=== Data ===

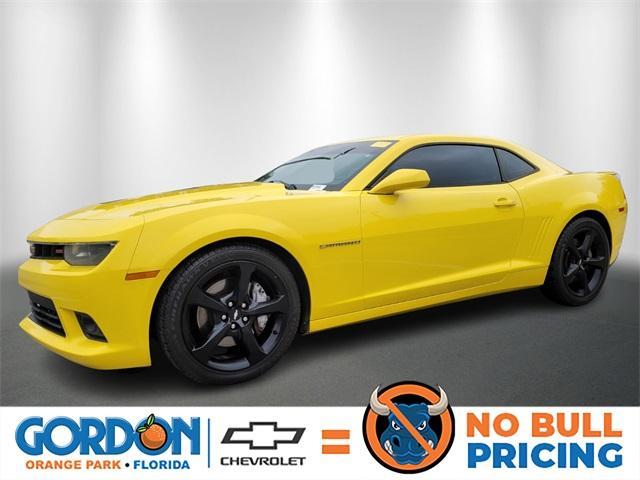 used 2015 Chevrolet Camaro car, priced at $20,950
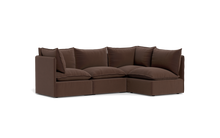 Load image into Gallery viewer, Gaia XL - Sectional - Chocolate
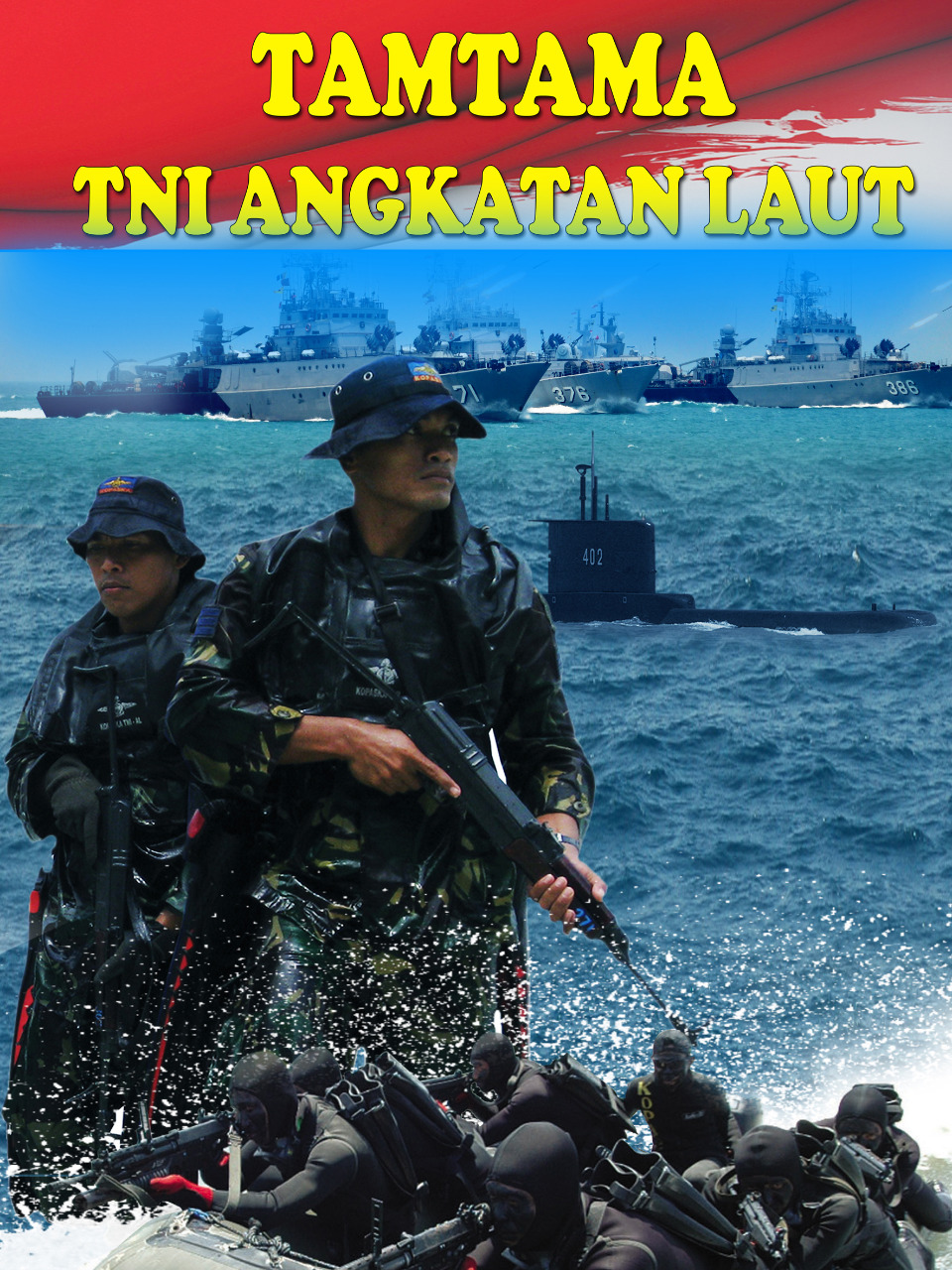 LANTAMAL VI BUKA PENERIMAAN CALON TAMTAMA PK TNI AL GELOMBANG II TA. 2017   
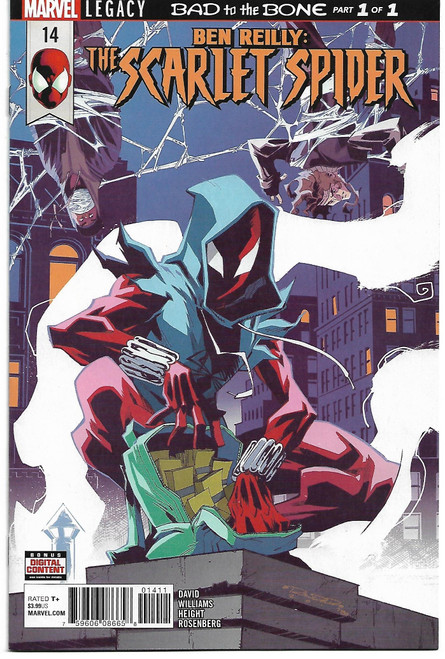 BEN REILLY SCARLET SPIDER #14 (MARVEL 2018)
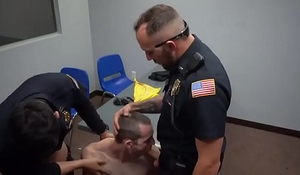 Gay anal cop huge black cock Two daddies are nicer than one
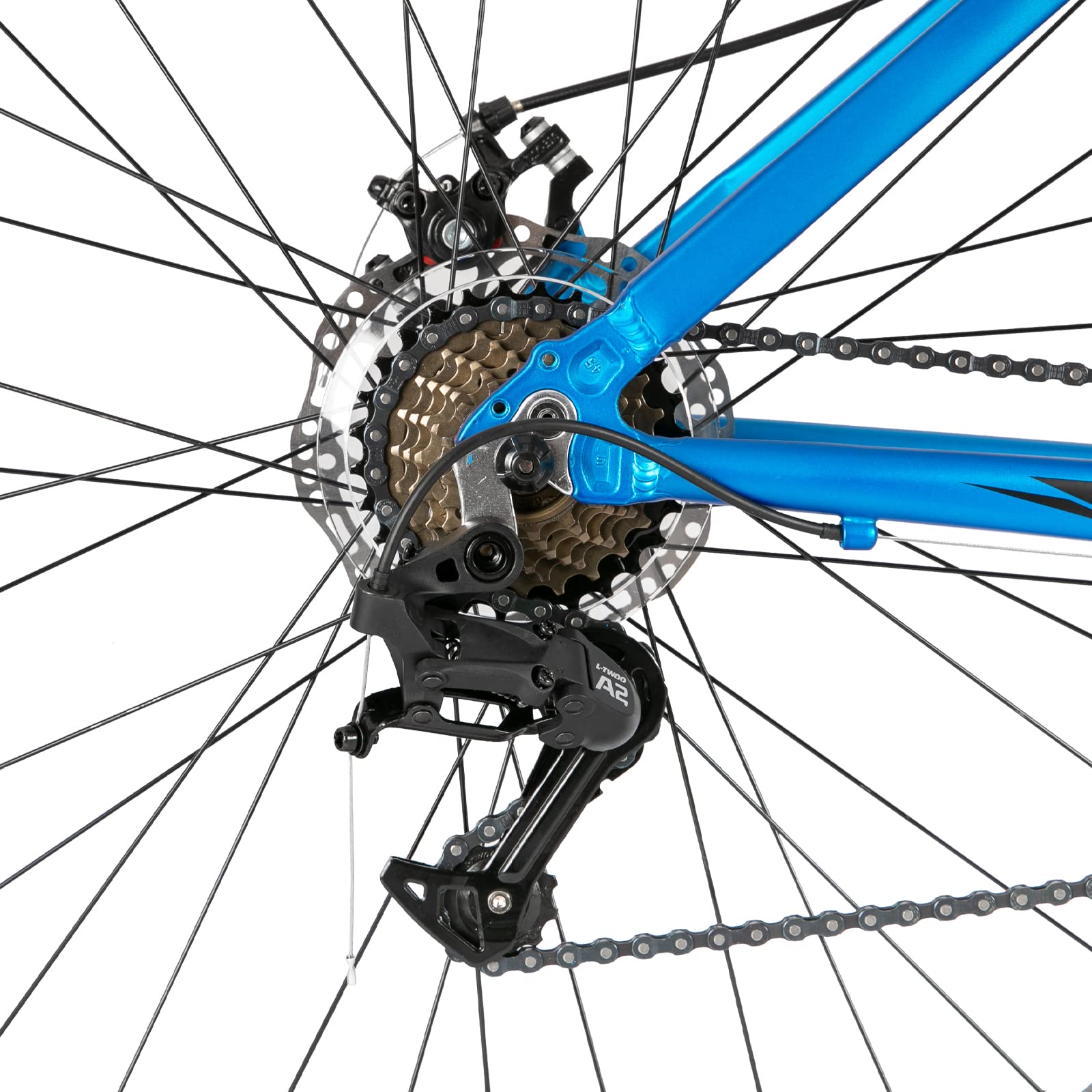 Amazon | HILAND マウンテンバイク 29インチ LTWOO製21段変速 ダブル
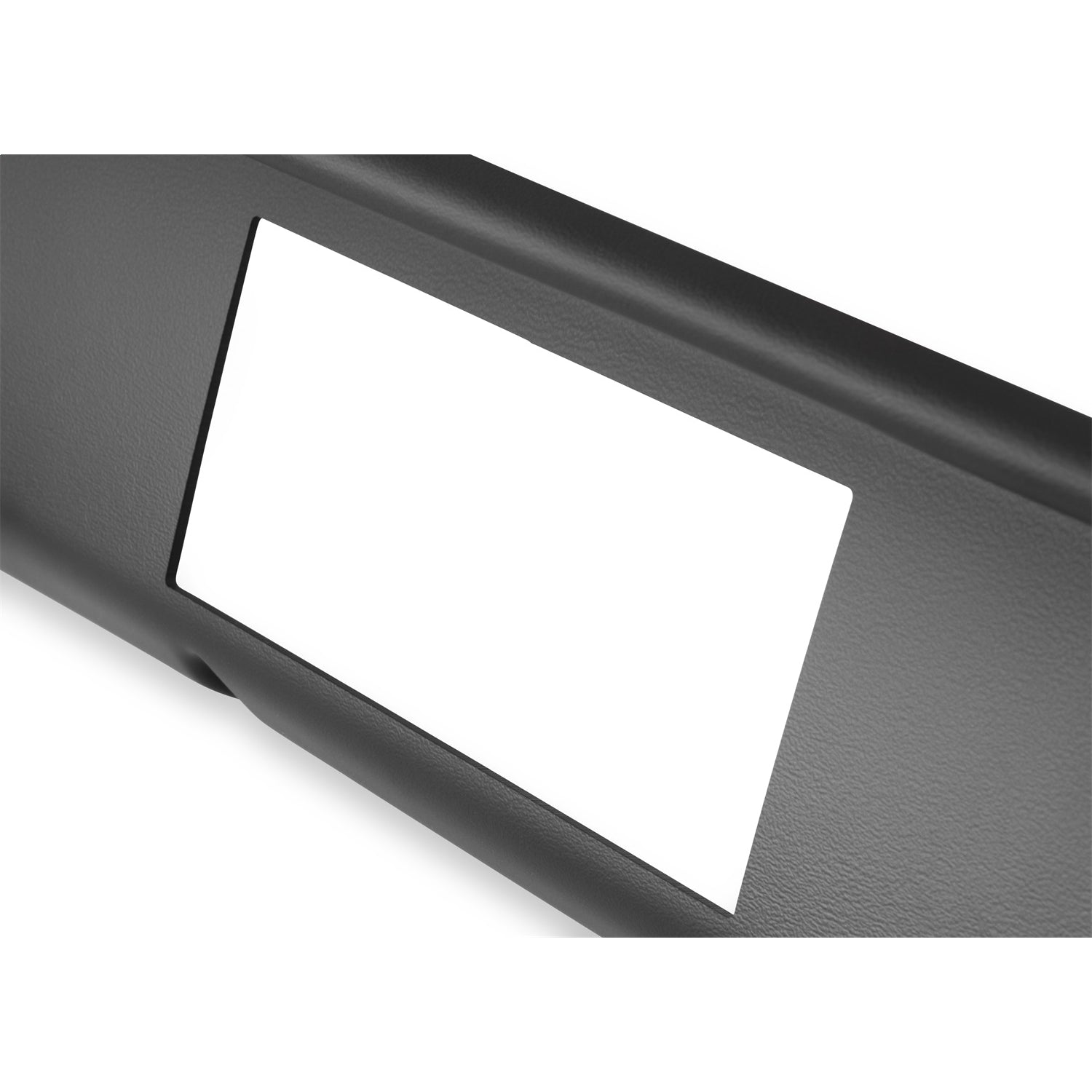 Holley EFI Gauge Mounting Panel - Dash Bezel - Black - Ford Compact Truck 1967-72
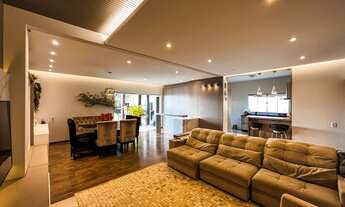 Imagem 3: Casa para venda com 485 metros quadrados com 3 quartos em Aquarela Brasil Residencial - Si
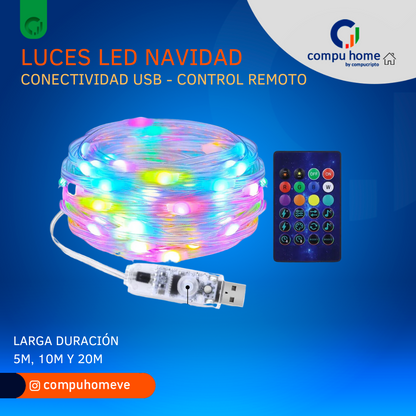 Smart Christmas LED Lights 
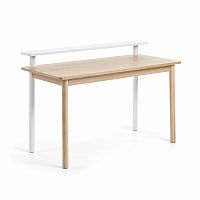 jane desk белый натуральный зольный шпон в Новокузнецке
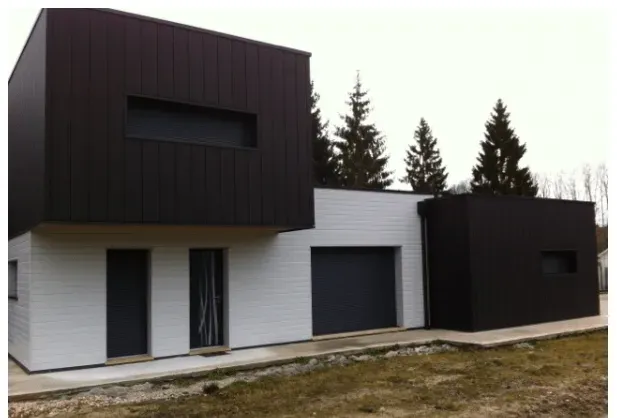 Réalisation d'une maison en bois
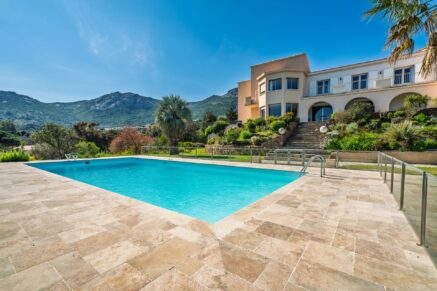 Calvi, Villa, 4 chambres, Vue mer, Piscine, Proche plage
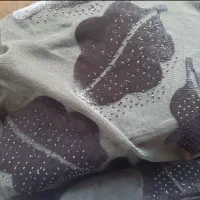 پارچه توری مشکی و مخملی مناسب لباسهای ژورنالی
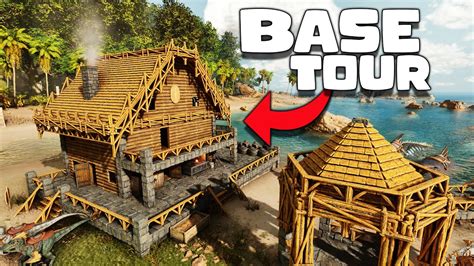 Ark Survival Ascended Base Build Tour Youtube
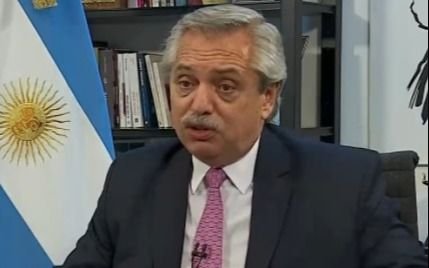 "No me animaría a decir que una vacuna es mejor que otra", dijo Alberto Fernández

===

◆ Exercise instructions
With the pictures excluded, transcribe word for word only the lines from the one containing "Imagem 3: Casa" through the last line of the records.

◆ Expected answer
 Imagem 3: Casa para venda com 485 metros quadrados com 3 quartos em Aquarela Brasil Residencial - Si
 Smart Christmas LED Lights 
 jane desk белый натуральный зольный шпон в Новокузнецке
 Réalisation d'une maison en bois
 Calvi, Villa, 4 chambres, Vue mer, Piscine, Proche plage
 پارچه توری مشکی و مخملی مناسب لباسهای ژورنالی
 Ark Survival Ascended Base Build Tour Youtube
 "No me animaría a decir que una vacuna es mejor que otra", dijo Alberto Fernández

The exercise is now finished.